Wells Wants FHA Minimum Even Higher
As early as next week the FHA will release its final rule on net-worth minimums for its lenders, setting the stage-perhaps-for a battle with nonbanks that can't meet the initial $1 million requirement, which will grow to $2.5 million within three years.
It's no secret that for thinly capitalized firms playing in both the FHA and GSE markets, the writing is on the wall: raise more money or find some type of way to survive, either by joining an adequately capitalized nonbank or even a bank (or a net branch operation).
The FHA is tightening the screws because it desperately wants to stem losses at its beleaguered insurance fund, driving what's left of the industry's "bad guys" and weaker (financially) firms out of the business. But there's also a school of thought here that FHA is making these and other changes to intentionally reduce the number of lenders it has to manage. In other words, the agency would much rather deal with the industry's "big boys" than the almost 14,000 bankers and brokers that are currently mortgagees. Of this group, a mere 369 make the $2.5 million cut-off.

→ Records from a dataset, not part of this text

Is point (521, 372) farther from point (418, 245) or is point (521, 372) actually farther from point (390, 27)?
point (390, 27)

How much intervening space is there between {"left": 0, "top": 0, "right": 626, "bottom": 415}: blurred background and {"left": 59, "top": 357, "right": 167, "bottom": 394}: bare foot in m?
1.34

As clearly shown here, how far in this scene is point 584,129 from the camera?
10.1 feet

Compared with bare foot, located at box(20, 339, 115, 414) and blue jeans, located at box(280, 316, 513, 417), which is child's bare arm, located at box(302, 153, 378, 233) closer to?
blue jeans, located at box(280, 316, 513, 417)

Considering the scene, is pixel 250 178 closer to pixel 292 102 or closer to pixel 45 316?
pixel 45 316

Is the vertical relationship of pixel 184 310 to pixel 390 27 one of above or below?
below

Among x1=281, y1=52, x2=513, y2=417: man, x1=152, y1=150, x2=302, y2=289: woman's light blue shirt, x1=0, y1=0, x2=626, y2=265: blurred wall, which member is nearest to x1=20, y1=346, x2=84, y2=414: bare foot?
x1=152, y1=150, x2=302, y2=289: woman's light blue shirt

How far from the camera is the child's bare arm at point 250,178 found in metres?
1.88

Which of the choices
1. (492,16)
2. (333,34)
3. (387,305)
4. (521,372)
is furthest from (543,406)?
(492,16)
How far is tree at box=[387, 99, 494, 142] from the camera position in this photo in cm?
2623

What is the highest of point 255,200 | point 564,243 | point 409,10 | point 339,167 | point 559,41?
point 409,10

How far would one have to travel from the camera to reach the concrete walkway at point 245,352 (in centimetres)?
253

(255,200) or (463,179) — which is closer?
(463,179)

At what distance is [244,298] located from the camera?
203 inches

It's hard to say where FHA's thinking is on all this though commissioner David Stevens said recently that he believes a thriving brokerage segment is essential to having a strong mortgage market. Also, FHA's main goal is to protect the fund and as everyone knows if the government insurer were not around, the mortgage market would be in dire straits.

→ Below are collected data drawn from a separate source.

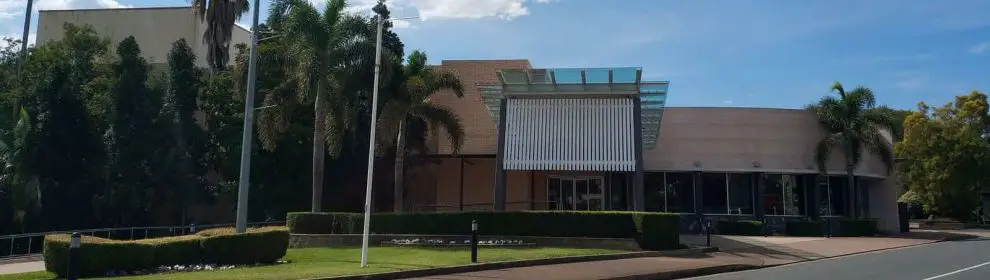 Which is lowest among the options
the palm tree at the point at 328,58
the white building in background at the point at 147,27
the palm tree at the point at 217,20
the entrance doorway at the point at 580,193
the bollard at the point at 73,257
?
the bollard at the point at 73,257

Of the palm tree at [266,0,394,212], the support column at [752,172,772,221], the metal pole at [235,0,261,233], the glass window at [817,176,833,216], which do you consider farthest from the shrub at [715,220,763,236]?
the metal pole at [235,0,261,233]

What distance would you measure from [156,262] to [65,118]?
1838 cm

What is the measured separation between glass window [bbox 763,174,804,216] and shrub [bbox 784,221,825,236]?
2776 mm

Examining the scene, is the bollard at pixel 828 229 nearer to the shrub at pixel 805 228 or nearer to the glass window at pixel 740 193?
the shrub at pixel 805 228

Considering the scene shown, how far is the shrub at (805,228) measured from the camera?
29.5 metres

Of course, if the housing market were not in the tank and if the insurance fund was healthy, none of this would have been proposed in the first place.

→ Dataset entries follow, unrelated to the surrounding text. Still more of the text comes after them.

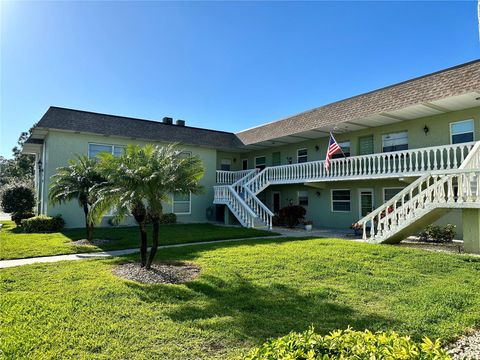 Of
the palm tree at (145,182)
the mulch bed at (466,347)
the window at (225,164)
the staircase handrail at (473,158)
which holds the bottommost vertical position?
the mulch bed at (466,347)

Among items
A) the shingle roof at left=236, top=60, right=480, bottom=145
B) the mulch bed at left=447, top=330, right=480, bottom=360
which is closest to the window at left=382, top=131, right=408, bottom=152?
the shingle roof at left=236, top=60, right=480, bottom=145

Still, there's a fear-not necessarily unfounded-that the nation's largest lenders are strongly encouraging FHA to hike its minimums because they know it will reduce competition, something that would greatly benefit them.
Several mortgage executives are less-than-happy with a comment letter sent in to FHA by the nation's largest lender, Wells Fargo, on the capital rule. Wells actually thinks the FHA is too soft on its mortgagees: For third-party lenders, it wants the first-year minimum to be $3 million, increasing to $4.5 million by 2012.
Bill Kidwell, a past president of the Colorado Association of Mortgage Brokers, sees Wells' comments as irrefutable evidence that the largest lenders will use new FHA standards "to absolutely control the landscape."
Brian Benjamin, a principal in Two Rivers Mortgage in Red Bank, N.J., puts it more bluntly: "The last thing in the world Wells wants is competition."
A Wells spokesman declined to comment on what others think of the company but noted, "This business carries higher risks, so higher capital standards and robust controls are necessary to support it. As a result, we feel a higher net-worth requirement is appropriate for mortgagees originating FHA loans through third parties."
If FHA does in fact hike its minimums as proposed (and they stick without being watered down with loopholes) there definitely will be less players in the industry. It doesn't take a genius to figure out that some firms will close their doors, either selling what's left of their livelihoods or shutting the doors without getting a payout of some sort.